HL Deb 20 July 1897 vol 51 cc513-4
*THE SECRETARY FOR SCOTLAND (Lord BALFOUR)

in moving the Second Reading of this Bill, said the Bill had passed through the House of Commons without any serious opposition. The circumstances under which it was proposed to Parliament by the Board of Trade were these. During the Session of 1895 a Select Committee of the other House was appointed to inquire whether any, and, if so, what, changes in the present system of weights and measures should be adopted. The Committee practically confined their attention to the consideration of the metric system, and they agreed to these three recommendations—(1) that the metric system of weights and measures be at once legalised for all purposes; (2) that after a lapse of two years the system be rendered compulsory by Act of Parliament; and (3) that the system be taught in all public elementary schools as a necessary and integral part of arithmetic. The last recommendation could, if thought expedient, be carried into effect without legislation. But past experience did not encourage them to go in that direction, because when his predecessor at the Scottish Office attempted to introduce the system into Scottish schools, he was met with so much opposition that the provision in the Code had to be withdrawn. The Government were not prepared to adopt the second recommendation—that after two years the system be made, compulsory. The Bill carried out the first of the recommendations of the Select Committee, and the evidence taken by the Select Committee clearly proved that t here was a genuine demand among some of the large trades in some of the important commercial centres of the country for the legalisation of the system, and from the reports of some of our Consuls abroad it seemed to be of considerable importance that the system should be adopted, and to be shown that if adopted it would prove of material benefit to British trade.
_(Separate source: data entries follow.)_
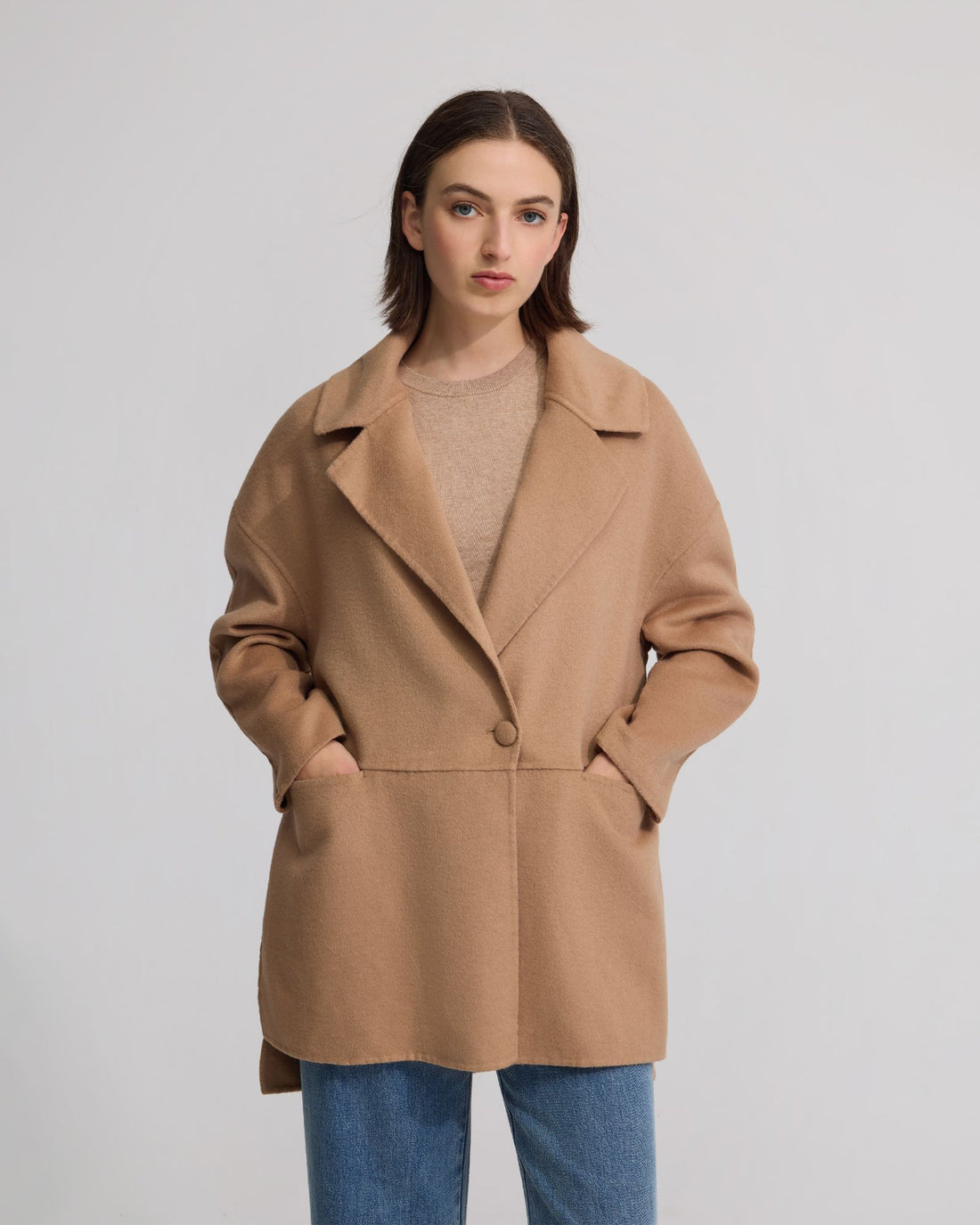 Abrigo de Lana para Mujer – Estilo Elegante y Sofisticado Otoño-Invierno | FuturaTrend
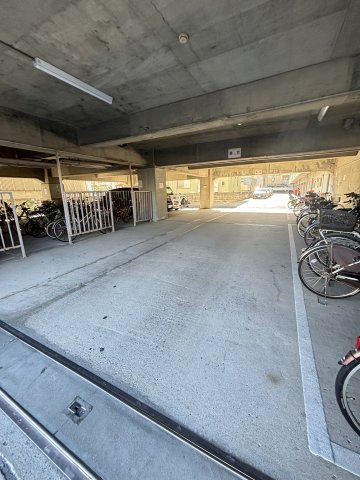 庚午ハイツの駐輪場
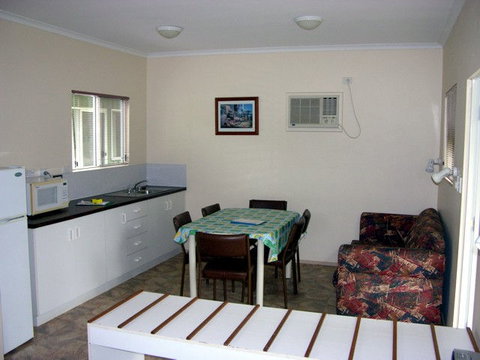 Batchelor Holiday Park - Accommodation Directory 1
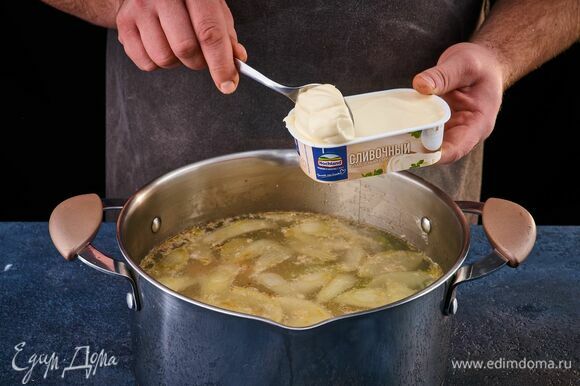 Через 5 минут добавьте плавленый сыр Hochland Сливочный и перемешайте до растворения. Через 1 минуту снимите суп с огня.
The Government did not intend to make the system compulsory, and there did not seem to be any real demand for it among retail traders or any necessity for making it compulsory at present. An attempt to go in advance of public opinion in a matter of the kind would be sure to excite opposition and put retail traders to much expense. Under these circumstances it had been thought right to confine the present Bill to simply legalising the system for those who required it without going further just new.

LORD COLCHESTER

said that as one of the survivors of the old Standard Commission which reported in 1870, he was glad to find embodied in this Bill one of the principal recommendations of of that Commission. Even in 1870 the legalisation of the metric system was deemed advisable by the Commission, which went very deeply into the whole subject. The Government were right in not attempting to do more at the present time than to render the metric system legal in this country.

Read 2a (according to Order), and committed to a Committee of the whole House on Thursday next.